E poi si potrebbe ricordare «Immaturi», il film di Paolo Genovese, che più recentemente ha adattato ai termini mediocri delle nostre preoccupazioni una paura tipica, quella di dover ripetere appunto l’esame di maturità. Insomma, nella scuola del dopo diluvio, l’esame di maturità continua ad occupare un posto centrale nel periodizzare la nostra vita. C’è un prima e un dopo e la prova mantiene, anche se ormai pallido e sbiadito, il suo valore di soglia, di rito di passaggio, di evento che si iscrive nella biografia personale e collettiva come uno spartiacque. Ma siamo certi che sia proprio così? Oppure il cinema, la letteratura, la cultura di consumo non fanno altro che ammannire l’immaginario della nuova nostalgia che, come è di ogni nostalgia, ha una marca generazionale esplicita.

E così, l’esame di maturità in versione light, come fu quello degli anni Ottanta, ha un richiamo di massa così vasto non perché corrisponda ad una realtà concreta ma piuttosto perché rappresenta il decoro di una gioventù ancora abbastanza spensierata e protetta che gli anni successivi si sarebbero accaniti nel cancellare. Chissà, dunque, come sono i diciotto anni di coloro che hanno oggi diciotto anni. Di cosa hanno paura, a cosa prestano attenzione i nostri ragazzi? La scuola democratica ha assolto ad una funzione strutturante della vita adolescenziale fino a quando ha potuto nutrire una fiduciosa certezza nella sua funzione di motore della società. Il grande prestigio di cui essa ha goduto nei paesi occidentali nel secondo dopoguerra è dipeso dal suo efficace funzionamento come dispositivo che prendeva le persone nel posto in cui erano nate e le portava in un altro luogo. Altro dal punto di vista sociale e soprattutto mentale.
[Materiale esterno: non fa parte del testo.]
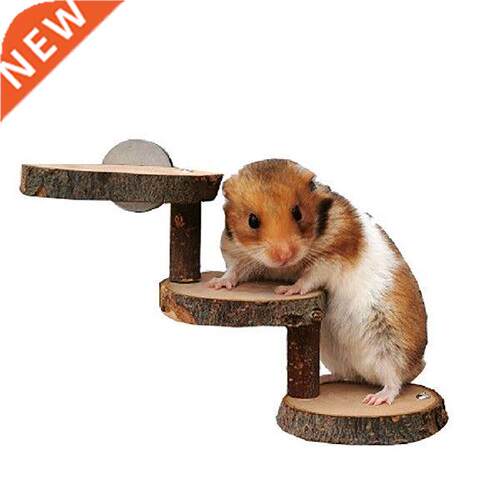 Hamster Toy Wooden Bridge Safe Wooden Bridge Lder Mini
Oggi non è più così con ogni evidenza.
La carriera dei giovani è affidata ad altri canali e, sembra, ad altre risorse che alla scuola non appartengono più in modo specifico. Per questo, l’esame di maturità non ha più il fascino di un tempo e non genera più nemmeno tanti patemi. Perché non segna più un vero spartiacque. Che la vita delle persone non venga più scandita dalla scuola, non significa però che non siano all’opera altre forze. Più potenti e meno mediate, come sono quelle sprigionate dalla nuova economia e dal suo alto tasso di innovazione tecnologica. La nuova scuola sarà pure «No Panic» come predica nel suo improbabile inglese il ministero della Pubblica istruzione. Fuori dalle sue aule al contrario, il panico, ovvero l’incertezza e il rischio sono materia diffusissima.